_Directions_. Restate word for word each line from the one containing "Feet 4ストライプメンズソックス サイズL" through the end of the material, and nothing more. Drop every picture.
<<<<
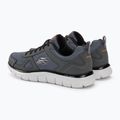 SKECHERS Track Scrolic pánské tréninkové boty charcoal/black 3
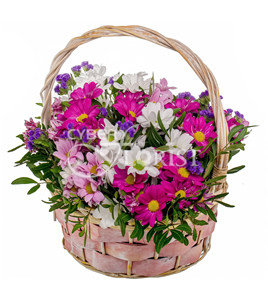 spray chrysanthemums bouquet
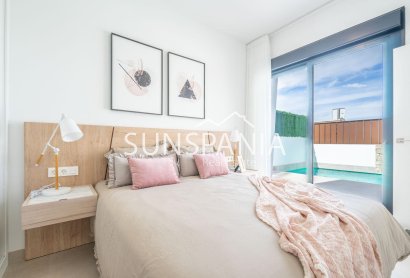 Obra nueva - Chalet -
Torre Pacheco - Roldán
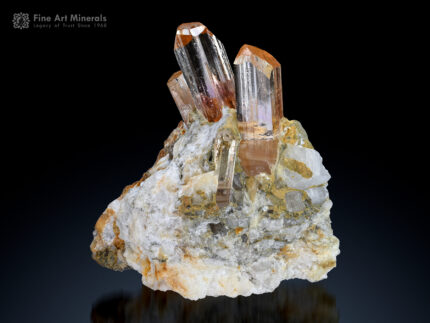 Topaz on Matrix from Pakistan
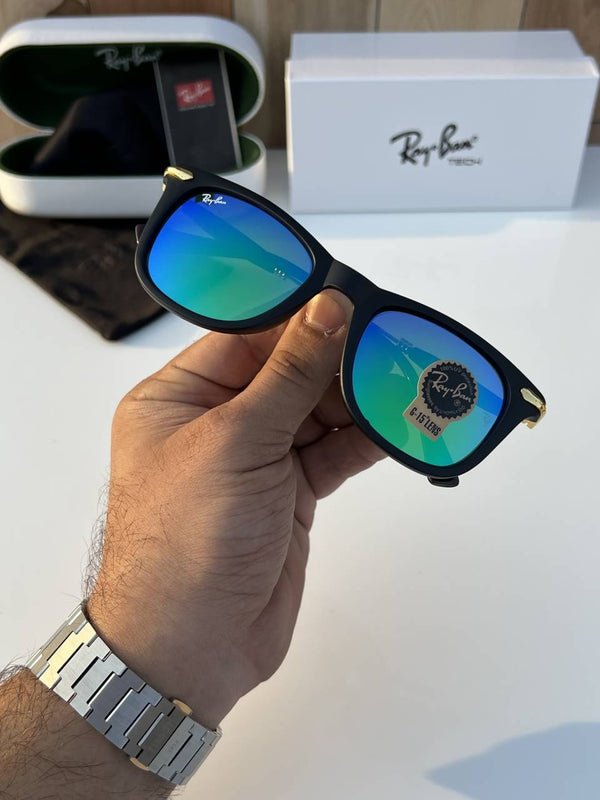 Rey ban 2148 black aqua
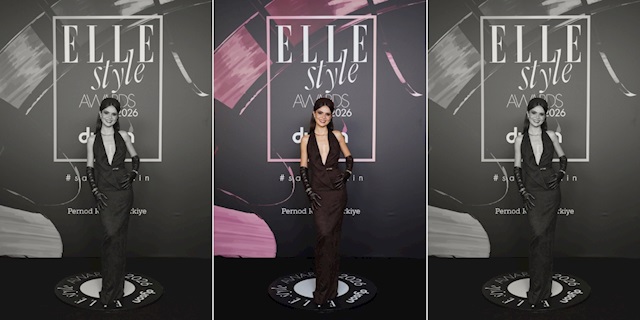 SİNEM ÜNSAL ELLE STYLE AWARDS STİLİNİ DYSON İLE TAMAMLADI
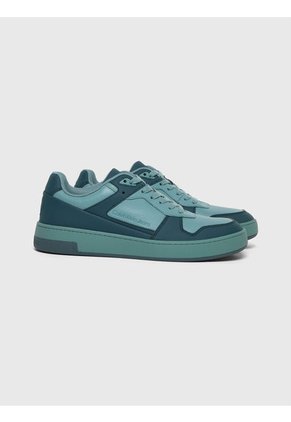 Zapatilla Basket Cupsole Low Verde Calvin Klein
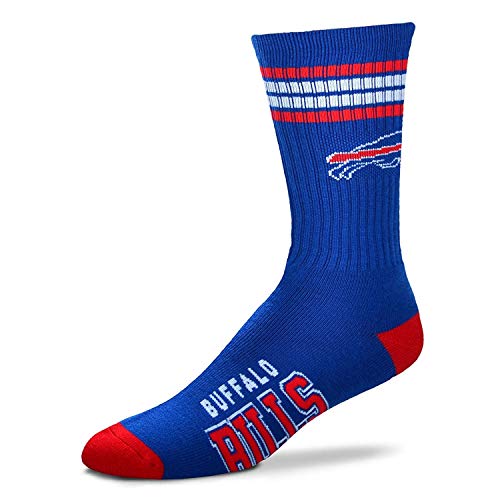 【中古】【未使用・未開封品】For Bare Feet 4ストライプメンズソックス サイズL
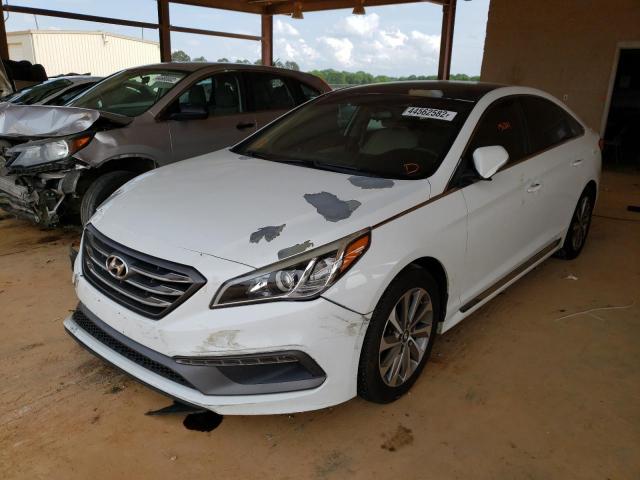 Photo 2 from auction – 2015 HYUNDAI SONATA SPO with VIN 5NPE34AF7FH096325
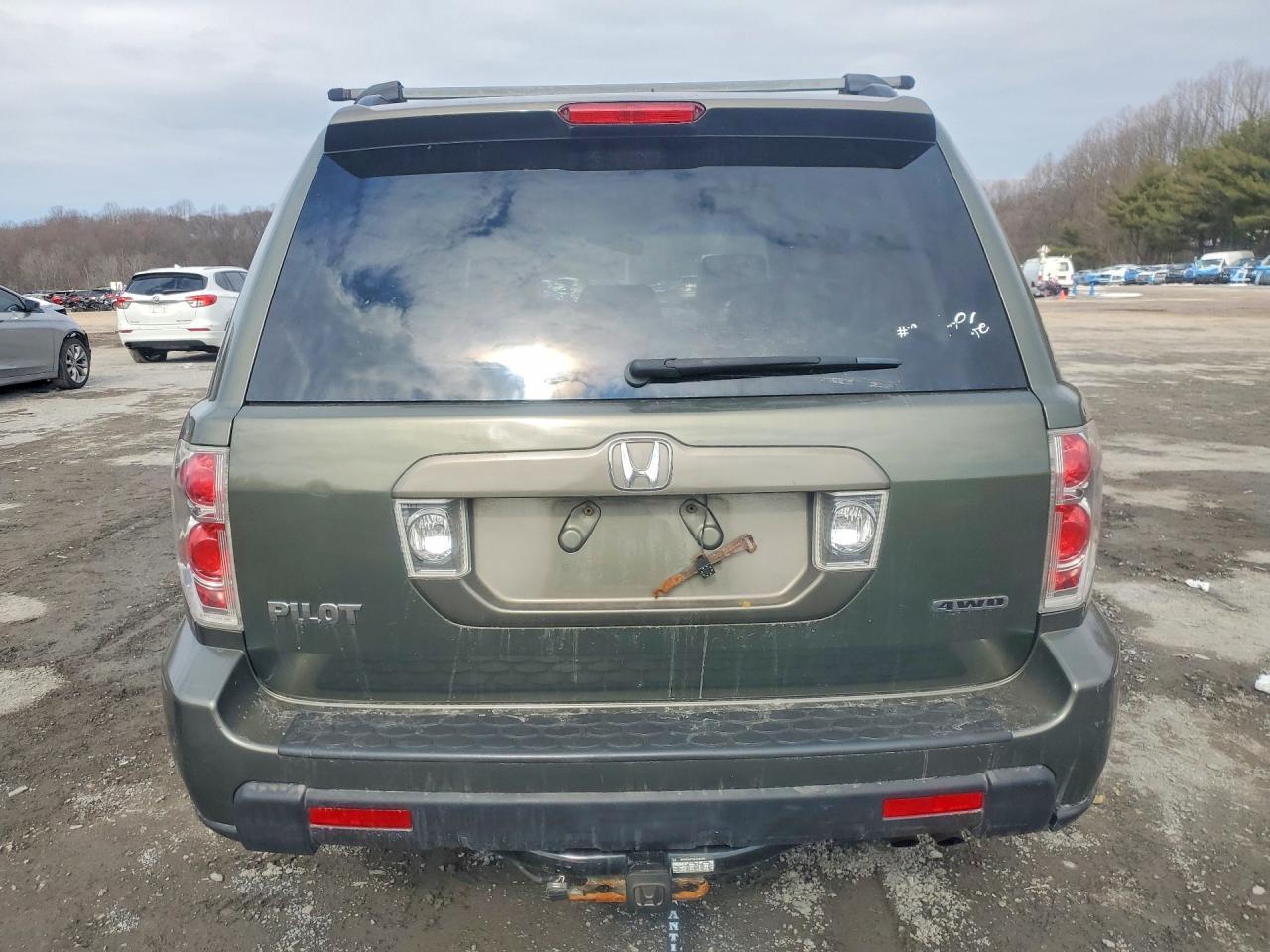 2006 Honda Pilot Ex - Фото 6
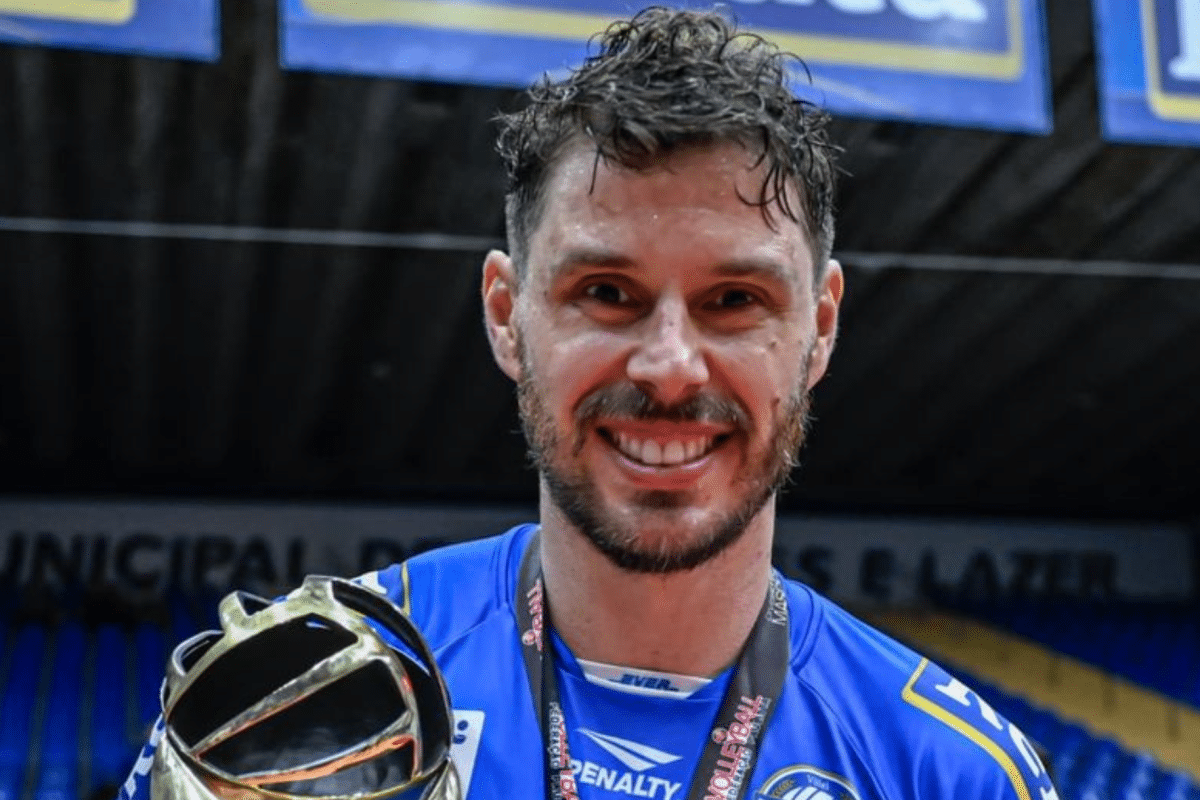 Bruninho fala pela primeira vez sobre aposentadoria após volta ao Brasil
>>>>
_Result of this exercise_.
 【中古】【未使用・未開封品】For Bare Feet 4ストライプメンズソックス サイズL
 Photo 2 from auction – 2015 HYUNDAI SONATA SPO with VIN 5NPE34AF7FH096325
 2006 Honda Pilot Ex - Фото 6
 Bruninho fala pela primeira vez sobre aposentadoria após volta ao Brasil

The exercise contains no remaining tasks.